**What the task asks**
Output exactly the lines below, starting with the line that has "The Beaufort Bonnet" and going on through the line that has "Bathroom with Walk-In", both included, and no other lines.

**Data provided**
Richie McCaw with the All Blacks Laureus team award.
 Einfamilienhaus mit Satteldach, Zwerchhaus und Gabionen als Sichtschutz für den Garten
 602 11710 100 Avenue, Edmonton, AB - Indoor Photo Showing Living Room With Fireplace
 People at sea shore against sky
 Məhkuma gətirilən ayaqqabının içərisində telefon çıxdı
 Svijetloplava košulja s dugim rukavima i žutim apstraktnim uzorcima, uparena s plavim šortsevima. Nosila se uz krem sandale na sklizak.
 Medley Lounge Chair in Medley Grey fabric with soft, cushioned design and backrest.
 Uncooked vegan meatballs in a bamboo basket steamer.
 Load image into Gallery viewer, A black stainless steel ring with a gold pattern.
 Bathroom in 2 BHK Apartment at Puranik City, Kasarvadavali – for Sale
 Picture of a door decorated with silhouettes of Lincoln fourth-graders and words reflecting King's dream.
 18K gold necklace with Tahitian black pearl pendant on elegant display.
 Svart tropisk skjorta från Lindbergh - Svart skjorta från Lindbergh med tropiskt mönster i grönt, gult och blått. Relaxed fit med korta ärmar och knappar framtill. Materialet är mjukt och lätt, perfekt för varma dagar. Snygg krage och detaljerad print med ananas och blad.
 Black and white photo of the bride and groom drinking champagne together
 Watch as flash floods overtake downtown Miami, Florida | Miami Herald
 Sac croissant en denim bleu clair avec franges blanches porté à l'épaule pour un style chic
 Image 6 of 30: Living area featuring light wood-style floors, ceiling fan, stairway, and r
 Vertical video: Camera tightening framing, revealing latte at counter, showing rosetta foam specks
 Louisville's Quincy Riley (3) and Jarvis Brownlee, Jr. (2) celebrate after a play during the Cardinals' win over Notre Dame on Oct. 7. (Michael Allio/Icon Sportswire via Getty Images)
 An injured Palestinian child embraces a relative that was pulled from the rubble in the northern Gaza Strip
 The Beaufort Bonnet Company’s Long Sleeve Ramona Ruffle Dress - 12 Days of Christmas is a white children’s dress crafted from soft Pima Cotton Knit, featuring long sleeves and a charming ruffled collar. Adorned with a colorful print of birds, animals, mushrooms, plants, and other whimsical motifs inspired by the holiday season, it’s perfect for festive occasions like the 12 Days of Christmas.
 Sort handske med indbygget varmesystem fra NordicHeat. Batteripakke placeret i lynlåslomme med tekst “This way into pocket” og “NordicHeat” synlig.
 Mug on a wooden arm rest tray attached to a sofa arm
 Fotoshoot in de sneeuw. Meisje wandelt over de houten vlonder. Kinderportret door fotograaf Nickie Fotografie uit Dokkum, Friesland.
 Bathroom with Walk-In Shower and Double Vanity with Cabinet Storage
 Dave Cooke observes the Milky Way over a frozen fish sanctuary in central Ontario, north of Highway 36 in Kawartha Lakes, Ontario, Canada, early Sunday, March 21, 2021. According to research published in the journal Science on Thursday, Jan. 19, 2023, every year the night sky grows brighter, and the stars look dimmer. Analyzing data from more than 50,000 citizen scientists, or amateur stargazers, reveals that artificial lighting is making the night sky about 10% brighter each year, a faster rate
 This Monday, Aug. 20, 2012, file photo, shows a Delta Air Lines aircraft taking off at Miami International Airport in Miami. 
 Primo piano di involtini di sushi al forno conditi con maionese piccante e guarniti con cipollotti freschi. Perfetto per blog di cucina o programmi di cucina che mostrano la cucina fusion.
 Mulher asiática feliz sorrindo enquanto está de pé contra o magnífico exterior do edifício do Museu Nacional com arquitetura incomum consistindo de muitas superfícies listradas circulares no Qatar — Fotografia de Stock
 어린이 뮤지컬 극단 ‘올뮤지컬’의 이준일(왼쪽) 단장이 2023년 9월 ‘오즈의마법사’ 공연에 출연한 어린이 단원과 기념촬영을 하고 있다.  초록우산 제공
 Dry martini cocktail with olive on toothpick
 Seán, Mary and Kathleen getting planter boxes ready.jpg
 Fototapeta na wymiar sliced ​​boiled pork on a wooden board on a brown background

**Answer to the exercise**
 The Beaufort Bonnet Company’s Long Sleeve Ramona Ruffle Dress - 12 Days of Christmas is a white children’s dress crafted from soft Pima Cotton Knit, featuring long sleeves and a charming ruffled collar. Adorned with a colorful print of birds, animals, mushrooms, plants, and other whimsical motifs inspired by the holiday season, it’s perfect for festive occasions like the 12 Days of Christmas.
 Sort handske med indbygget varmesystem fra NordicHeat. Batteripakke placeret i lynlåslomme med tekst “This way into pocket” og “NordicHeat” synlig.
 Mug on a wooden arm rest tray attached to a sofa arm
 Fotoshoot in de sneeuw. Meisje wandelt over de houten vlonder. Kinderportret door fotograaf Nickie Fotografie uit Dokkum, Friesland.
 Bathroom with Walk-In Shower and Double Vanity with Cabinet Storage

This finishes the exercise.